Re: [hobbit] hobbitlaunch segfault / timewarp happend again



Hi,

looks great. I applied your patch on a test system. So far it works
perfect for me.

It would be great if Henrik could apply your patch.

Thanks!
 Alexander

> I recently brought up a new client that has trouble keeping accurate
> time...so I began encountering this time warp issue. As pointed out by
> Henrik in January, it is definitely an infinite loop where errprintf()
> calls getcurrenttime() to get its timestamp.

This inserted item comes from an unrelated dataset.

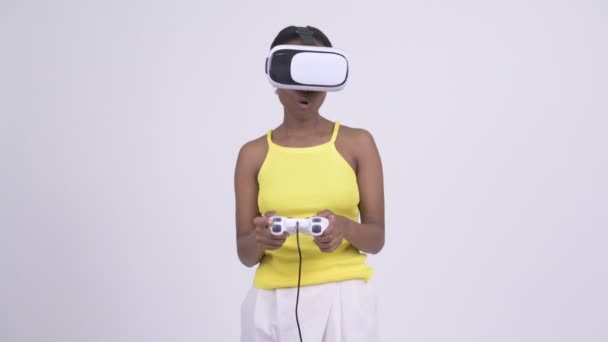 Молодая африканская женщина играет в игры и использует гарнитуру виртуальной реальности — стоковое видео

> The attached patch modifies the functions in errormsg.c to use time()
> instead of getcurrenttime(). That avoids any recursion-infinite loop
> problems, and logs or prints errors with the system's actual time
> instead of a Hobbit-adjusted-for-sanity time. In the absence of accurate
> time, I think it would be best to log in the system's time so that you
> can correlate Hobbit logs with other system logs.

> Working for me so far, but use at your own risk. Comments?

> Cheers.
> Darin Dugan
> dddugan (at) iastate.edu

> -----Original Message-----
> From: Alexander Keller [mailto:hobbit (at) alexkeller.de] 
> Sent: Friday, March 21, 2008 10:22 AM
> To: hobbit (at) hswn.dk
> Subject: Re: [hobbit] hobbitlaunch segfault / timewarp happend again

> Hi,

> unfortunately nobody answered to my posting, so I did a quick'n dirty
> hack to prevent timewarp segfaults in hobbitlaunch.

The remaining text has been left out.